LM317 heat

I am setting up an LM317 to drop from 12v to 9v, and I am not entirely clear on whether I need to add a heat sink.

This is coming from the 12v pin on a hard drive power supply. I think it is 2A? Does that sound correct? I am running this in to a 2N-3904 transistor, which in turn flips a relay that has a 320ohm coil. Does that all sound sane, or perhaps I am misunderstanding something?

Apologies for my neophite understanding of voltage and amps, I am working on it!

You're dropping 12V to 9V so that's a 3V drop across the LM317.
Your coil is 320 ohm, 9V / 320 ohms = .028A of current flowing through the LM317.

.028A * 3V = .084W of heat. Not much, but still always a good idea to use a heatsink.

Why not save yourself the 317 and simply put a 270ohm resistor in series with the relay feed from the switching transistor.

Where are the other resistors?

jackrae:
Why not save yourself the 317 and simply put a 270ohm resistor in series with the relay feed from the switching transistor.

that would alter my voltage that drastically? or are you thinking that the coil will not mind the extra voltage?

Lets see the coil spec.

OK, that was a waste. That -is- a 12V rated coil. Why do you want to use 9V? 9V is the -minimum- pickup voltage.

Wasted effort:
320 ohm coil at 9V is about 28.1mA. 12V coming in. So you need to drop out 3V. That is 1/3 of 9V, and so 1/3 of 320 ohm should drop out 3V. Therefore, about 100 ohms.

12V/(320 + 100) = 28.7mA

Just right. Resistor power rating? VI = P and then double that for the minimum resistor rating.

3V x 28.7mA = 86mW x 2 = 172mW

So an 1/8W resistor is too small (125mW), but a 1/4W resistor is just fine.

Don't forget the resistor between the Arduino and the transistor base. 1k will work just fine.

Hah, thanks for the explanation and sorry I need so much help.

I have flipped this one over with 5v, so I was even considering using 5v briefly. But 9v (or more) seemed like a better idea. If the coil is happy with 12v, and I have a nice 12v inbound line, yes I should simply use that.

So, any idea why this relay say 5v all over it when that number does not seem to match any of its specs?

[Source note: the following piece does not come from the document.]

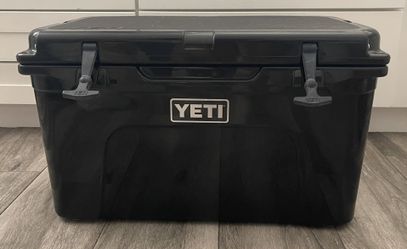 YETI Tundra 45. Black. Retired Color.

"Min. Switching Load 10mA 5VDC"

Still, seems weird to me, too.

Relay contacts have to be “self cleaning” and they use the energy of the spark at the time of opening to perform the cleaning. Contacts (generally silver plated) which carry extremely little current will eventually oxidise and fail to provide a good electrical circuit unless either gold plated or hermetically sealed. Platinum used to be used as high integrity contact points for MIL-spec relays.

jackrae:
Platinum used to be used as high integrity contact points for MIL-spec relays.

And telephone impulser relay contacts.